È ancora frequente che i metodi di studio del bambino in difficoltà siano condotti con scale metriche basate su una concezione puramente quantitativa dello sviluppo infantile e si limitino ad una descrizione negativa adatta ad etichettare i bambini che non hanno superato la prova. Chi usa questi strumenti non sono solo i sanitari, il commercio dei test ha coinvolti anche tanti pedagogisti, evidentemente distratti dal loro compito di educatori, affascinati dall’erba più verde del vicino «The grass is always greener on the other side of the fence», incapaci di apprezzare quello che hanno. Usano un facile metodo delle cifre e delle misure, che nella pratica propongono ovviamente l’idea di un apprendimento ridotto e rallentato, caratteristica peculiare della scuola differenziale. Responsabili ancor più da educatori di emulsionare la concezione puramente aritmetica dell’insufficienza, tratto caratteristico di una pedagogia che vuol risolto in termini quantitativi tutti i problemi teorici e pratici dell’educazione e dell’inclusione.
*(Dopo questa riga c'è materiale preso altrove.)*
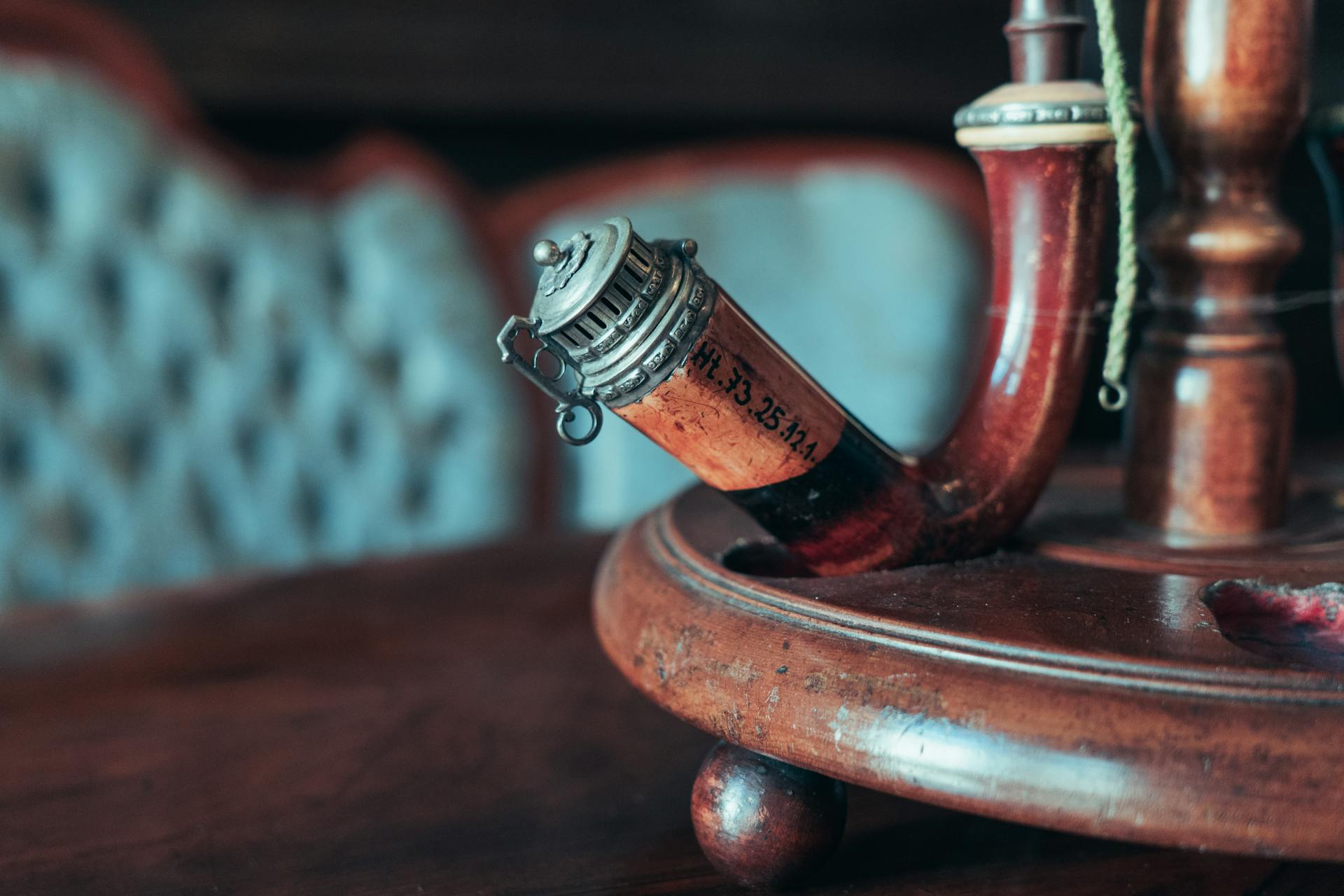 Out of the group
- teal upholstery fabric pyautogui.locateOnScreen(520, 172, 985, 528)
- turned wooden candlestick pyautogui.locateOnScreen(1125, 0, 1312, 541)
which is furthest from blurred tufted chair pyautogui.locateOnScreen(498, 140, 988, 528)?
turned wooden candlestick pyautogui.locateOnScreen(1125, 0, 1312, 541)

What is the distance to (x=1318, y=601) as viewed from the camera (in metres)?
0.52

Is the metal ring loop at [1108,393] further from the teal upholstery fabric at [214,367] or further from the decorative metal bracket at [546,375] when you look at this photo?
the teal upholstery fabric at [214,367]

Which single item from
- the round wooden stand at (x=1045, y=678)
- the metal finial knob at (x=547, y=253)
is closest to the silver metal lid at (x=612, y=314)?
the metal finial knob at (x=547, y=253)

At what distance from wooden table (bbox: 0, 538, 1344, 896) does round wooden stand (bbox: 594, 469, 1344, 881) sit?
93 mm

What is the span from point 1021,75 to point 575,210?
1141 mm

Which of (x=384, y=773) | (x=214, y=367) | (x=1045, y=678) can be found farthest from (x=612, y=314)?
(x=214, y=367)

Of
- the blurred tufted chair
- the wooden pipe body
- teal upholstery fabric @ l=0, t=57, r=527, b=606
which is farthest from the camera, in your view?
the blurred tufted chair

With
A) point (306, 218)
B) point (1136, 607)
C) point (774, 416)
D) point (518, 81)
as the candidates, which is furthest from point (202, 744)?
point (518, 81)

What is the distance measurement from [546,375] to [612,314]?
0.04 m

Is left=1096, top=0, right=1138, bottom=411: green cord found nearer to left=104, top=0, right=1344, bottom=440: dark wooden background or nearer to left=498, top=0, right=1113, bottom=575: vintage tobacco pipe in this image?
left=498, top=0, right=1113, bottom=575: vintage tobacco pipe

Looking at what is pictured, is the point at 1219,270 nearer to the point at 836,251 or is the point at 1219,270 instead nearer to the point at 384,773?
the point at 384,773

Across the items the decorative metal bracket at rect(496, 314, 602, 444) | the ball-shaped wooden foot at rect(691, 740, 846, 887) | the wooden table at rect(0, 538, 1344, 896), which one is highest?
the decorative metal bracket at rect(496, 314, 602, 444)

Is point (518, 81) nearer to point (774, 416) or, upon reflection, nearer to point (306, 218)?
point (306, 218)

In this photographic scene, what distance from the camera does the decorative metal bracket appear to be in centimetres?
47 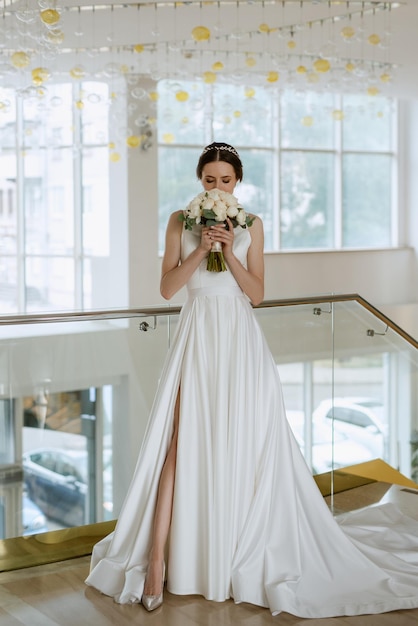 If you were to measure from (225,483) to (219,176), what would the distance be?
1.29 metres

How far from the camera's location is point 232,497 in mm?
3768

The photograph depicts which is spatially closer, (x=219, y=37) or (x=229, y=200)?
(x=229, y=200)

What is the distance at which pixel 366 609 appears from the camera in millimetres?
3596

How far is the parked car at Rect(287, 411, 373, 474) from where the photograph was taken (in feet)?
18.3

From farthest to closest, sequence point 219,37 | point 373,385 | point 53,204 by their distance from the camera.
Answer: point 53,204, point 219,37, point 373,385

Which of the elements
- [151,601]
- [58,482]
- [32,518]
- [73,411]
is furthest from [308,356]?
[151,601]

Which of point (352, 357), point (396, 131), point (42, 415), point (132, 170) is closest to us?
point (42, 415)

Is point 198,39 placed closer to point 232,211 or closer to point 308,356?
point 308,356

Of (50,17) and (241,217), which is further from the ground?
(50,17)

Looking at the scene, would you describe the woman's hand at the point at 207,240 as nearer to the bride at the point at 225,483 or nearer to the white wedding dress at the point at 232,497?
the bride at the point at 225,483

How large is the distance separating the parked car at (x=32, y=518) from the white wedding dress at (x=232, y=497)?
809mm

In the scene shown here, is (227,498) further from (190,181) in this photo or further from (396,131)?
(396,131)

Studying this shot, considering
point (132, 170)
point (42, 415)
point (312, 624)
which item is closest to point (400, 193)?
point (132, 170)

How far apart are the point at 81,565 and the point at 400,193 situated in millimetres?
13852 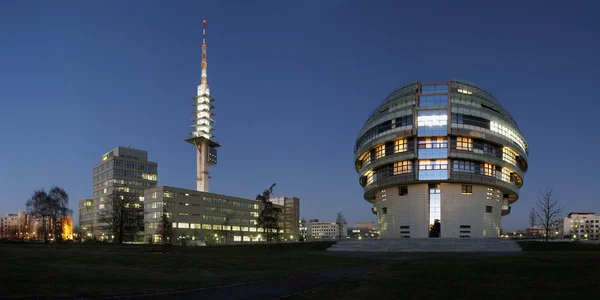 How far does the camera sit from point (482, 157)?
83188 mm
La pedagogia dell’oggi, che si vuole esprimere con una professione che la definisce e la distingue, si pone problemi specifici e del tutto concreti.
Alla scienza pedagogica si chiede di individuare e di assimilare la particolarità e varietà dei processi dello sviluppo infantile, la quantità di tipi diversi, i cicli e le metamorfosi dello sviluppo, le sue sproporzioni e i suoi diversi equilibri, e di scoprire le leggi della varietà e i problemi pratici che si pongono su come assimilare le leggi di questo sviluppo.
Ed è lo studio dinamico di questi problemi che avvia alla constatazione dell’insufficienza, tutto ciò ben mostra che quando incontriamo un soggetto il cui sviluppo è aggravato da una difficoltà, il ruolo non può limitarsi con un dato quantitativo poiché è complesso e certo duplice e attiene alla carenza organica nel processo di questo sviluppo e nella formazione della personalità del bambino. Per la scienza pedagogica infatti non è tanto l’insufficienza in se stessa, bensì la reazione dell’organismo e della personalità all’insufficienza e alle difficoltà del bambino che è l’unica realtà con la quale il pedagogista a ha a che fare. La pedagogia, posta in grado di dare una definizione positiva di un bambino di un certo tipo e di percepire la sua originalità qualitativa, declina ormai l’uso dei test.